Locations for which linear trends (over 1950–2009) in the duration of WPs and DPs contributing 90% to the total amounts of wet and dry days, respectively, show the same sign including their statistical significance at different levels for the (a) cold and (b) warm seasons. Red circles correspond to positive trends and green ones indicate negative trends. (c),(d) As in (a),(b) but for opposite signs. Red semiclosed circles correspond to positive trends in the duration of DPs and negative trends in the duration of WPs. Green semiclosed circles show the opposite tendency: simultaneous increases of the durations of WPs and shortenings of DPs. Light polygonal windows show the areas for which patterns of (a),(b) simultaneously increasing or decreasing WPs and DPs were identified and (c),(d) the opposite tendencies in the durations of WPs and DPs were identified (see text and Table 1 for details).
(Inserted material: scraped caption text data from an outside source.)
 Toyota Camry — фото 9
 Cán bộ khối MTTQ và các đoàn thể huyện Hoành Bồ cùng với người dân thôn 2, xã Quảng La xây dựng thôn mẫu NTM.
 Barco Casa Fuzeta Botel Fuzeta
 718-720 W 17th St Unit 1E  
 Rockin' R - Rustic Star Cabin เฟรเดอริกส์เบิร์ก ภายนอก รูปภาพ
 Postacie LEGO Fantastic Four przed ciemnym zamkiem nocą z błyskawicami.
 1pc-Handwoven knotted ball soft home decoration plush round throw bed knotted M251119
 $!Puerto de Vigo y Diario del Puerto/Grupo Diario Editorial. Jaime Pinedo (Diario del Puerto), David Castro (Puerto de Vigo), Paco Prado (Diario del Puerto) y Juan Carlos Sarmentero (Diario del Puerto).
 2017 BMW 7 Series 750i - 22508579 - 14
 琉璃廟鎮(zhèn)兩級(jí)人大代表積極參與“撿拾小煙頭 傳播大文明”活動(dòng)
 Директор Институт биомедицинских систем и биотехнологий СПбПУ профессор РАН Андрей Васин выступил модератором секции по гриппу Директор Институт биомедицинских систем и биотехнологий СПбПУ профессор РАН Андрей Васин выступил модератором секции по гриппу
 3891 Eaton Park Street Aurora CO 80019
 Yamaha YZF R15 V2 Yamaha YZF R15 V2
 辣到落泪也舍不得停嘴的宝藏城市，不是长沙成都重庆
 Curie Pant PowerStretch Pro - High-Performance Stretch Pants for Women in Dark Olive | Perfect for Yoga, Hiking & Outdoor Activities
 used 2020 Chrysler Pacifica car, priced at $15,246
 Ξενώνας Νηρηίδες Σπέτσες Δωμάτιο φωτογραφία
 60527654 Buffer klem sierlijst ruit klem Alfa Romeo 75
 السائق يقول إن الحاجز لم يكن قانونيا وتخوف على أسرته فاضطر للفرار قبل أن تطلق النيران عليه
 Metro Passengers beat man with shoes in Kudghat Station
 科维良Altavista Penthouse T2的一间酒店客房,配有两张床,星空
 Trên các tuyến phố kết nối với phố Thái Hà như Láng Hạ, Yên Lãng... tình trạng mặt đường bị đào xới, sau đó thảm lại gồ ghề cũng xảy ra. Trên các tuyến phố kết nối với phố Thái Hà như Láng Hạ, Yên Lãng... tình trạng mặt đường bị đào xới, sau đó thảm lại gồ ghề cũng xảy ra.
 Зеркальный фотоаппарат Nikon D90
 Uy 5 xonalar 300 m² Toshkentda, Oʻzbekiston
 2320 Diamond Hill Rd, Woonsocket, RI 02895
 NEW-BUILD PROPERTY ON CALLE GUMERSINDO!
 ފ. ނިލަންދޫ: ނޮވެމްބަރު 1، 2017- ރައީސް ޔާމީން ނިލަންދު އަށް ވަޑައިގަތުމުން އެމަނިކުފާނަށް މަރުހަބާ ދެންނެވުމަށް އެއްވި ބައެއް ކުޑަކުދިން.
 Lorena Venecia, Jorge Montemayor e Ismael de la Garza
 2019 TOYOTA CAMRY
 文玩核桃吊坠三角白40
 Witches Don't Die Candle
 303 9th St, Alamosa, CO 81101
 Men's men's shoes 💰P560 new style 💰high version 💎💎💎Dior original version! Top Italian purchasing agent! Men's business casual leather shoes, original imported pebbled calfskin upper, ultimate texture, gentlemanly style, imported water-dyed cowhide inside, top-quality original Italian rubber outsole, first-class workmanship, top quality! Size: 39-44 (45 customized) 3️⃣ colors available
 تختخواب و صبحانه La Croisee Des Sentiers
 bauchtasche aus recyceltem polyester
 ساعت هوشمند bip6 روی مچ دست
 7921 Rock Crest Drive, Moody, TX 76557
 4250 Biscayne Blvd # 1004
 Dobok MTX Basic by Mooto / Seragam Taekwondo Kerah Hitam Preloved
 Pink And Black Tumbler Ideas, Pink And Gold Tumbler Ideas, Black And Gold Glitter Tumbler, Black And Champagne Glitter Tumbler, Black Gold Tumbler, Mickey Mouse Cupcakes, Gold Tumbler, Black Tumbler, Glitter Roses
Citation: Journal of Climate 26, 6; 10.1175/JCLI-D-11-00498.1
7. Summary
We analyzed the seasonal (cold and warm halves of the year) variability of the duration of wet and dry periods over Europe using rain gauge observations for the period from 1950 to 2009. To obtain robust statistics the probability distributions for the durations were approximated by the TGD and by a new FTGD addressing the fractional contribution of WPs and DPs of different durations to the total number of wet and dry days. The linear trends in the WP and DP durations differ regionally and by season. In the cold season (October–March) WP durations increased from 2% to 7% decade−1 over northern and central Europe and tended to slightly shrink in southern Europe. During April–September (warm period) WP durations over Scandinavia and some parts of eastern Europe shortened significantly. Very long WPs and DPs may exhibit changes of 3–5 days over the last decades.
Trends in DP durations are not always and everywhere opposite to trends in WP duration. Over the Netherlands and eastern Europe both WPs and DPs extend in length, especially in the cold season, suggesting a regrouping of the wet days into more prolonged wet episodes and dry days into more prolonged dry episodes. A simultaneous shortening of WPs and DPs is observed over southern Scandinavia in the warm season. Over France and central southern Europe during both halves of the year—and over the Scandinavian Atlantic coast only in the warm season—tendencies in durations of wet and dry periods have opposite signs. Such tendencies imply that a lengthening of WPs occurs at the expense of DPs or vice versa. These regional patterns of coordinated changes in the mean durations of wet and dry periods as well as in the higher percentiles are confirmed by field significance tests. Long-term tendencies in the fractional contribution of wet and dry spells to the total number of wet days are consistent with those implied by the analysis of mean and extreme durations. This proves that the observed trends are primarily due to a rearrangement of wet and dry days rather than changing numbers of wet days.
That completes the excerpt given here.